---------- Given data ----------

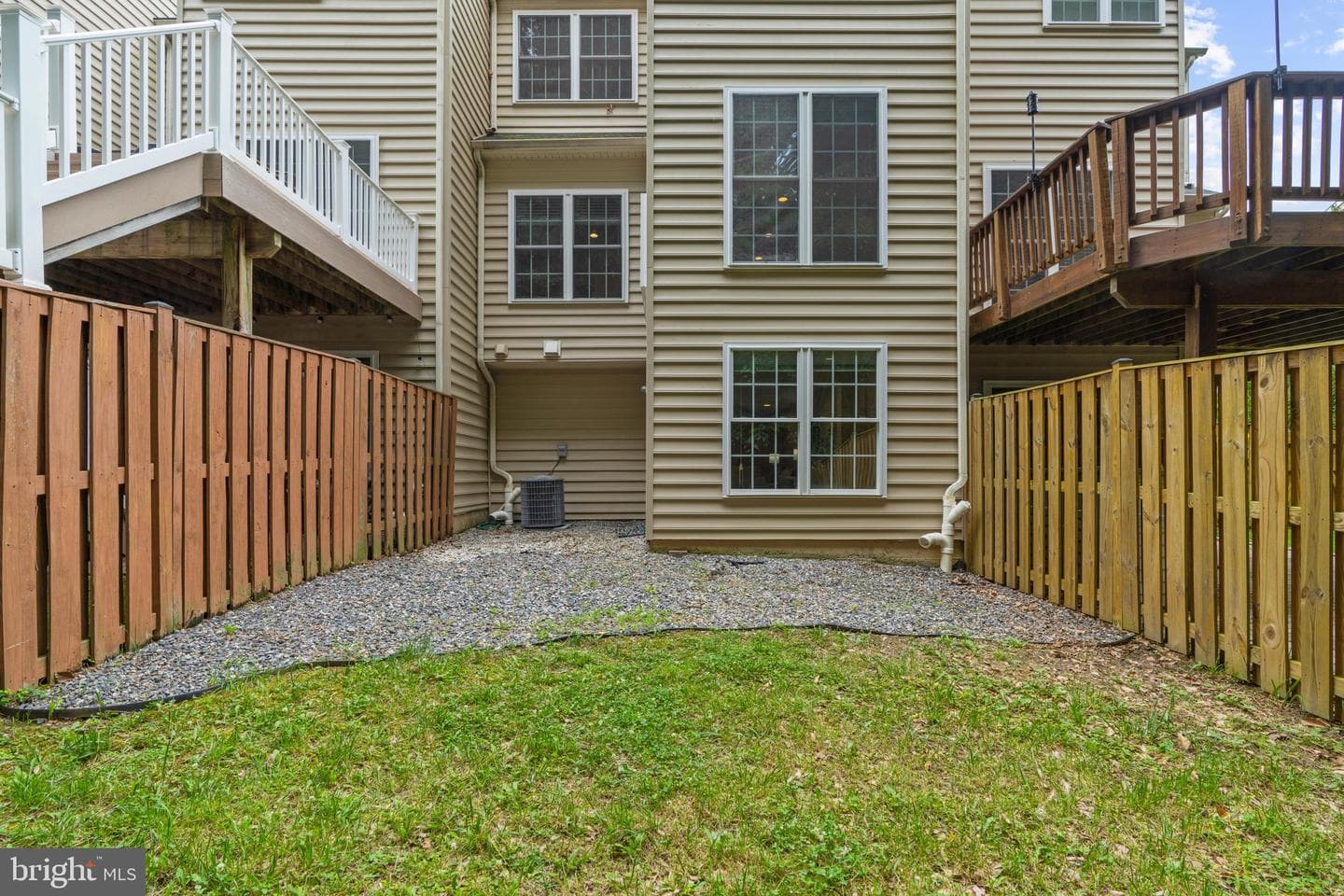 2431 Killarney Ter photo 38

----------
---------- Given data ----------

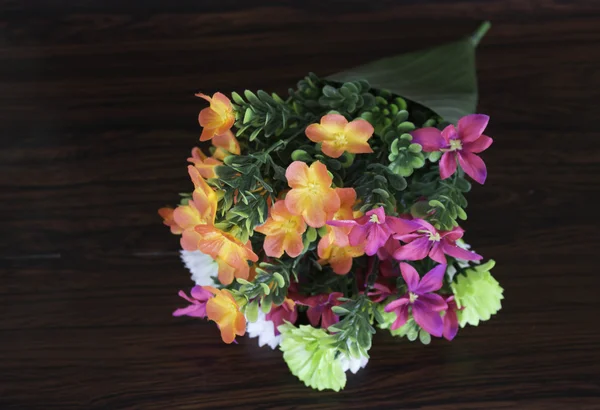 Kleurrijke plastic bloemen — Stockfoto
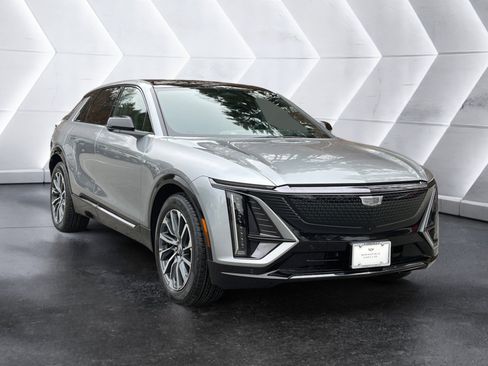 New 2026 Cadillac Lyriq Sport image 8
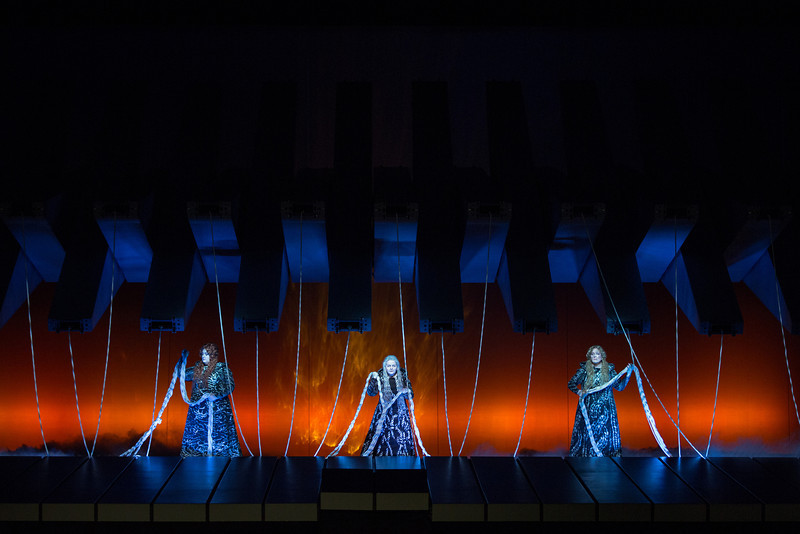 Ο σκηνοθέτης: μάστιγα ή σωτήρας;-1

----------

> What to do
In the entries above, every line from the line with "New 2026 Cadillac Lyriq Sport image 8" to the line with "Ο σκηνοθέτης: μάστιγα ή σωτήρας;-1" is to be printed exactly, with both ends included and pictures excluded.

> Written answer
 New 2026 Cadillac Lyriq Sport image 8
 Ο σκηνοθέτης: μάστιγα ή σωτήρας;-1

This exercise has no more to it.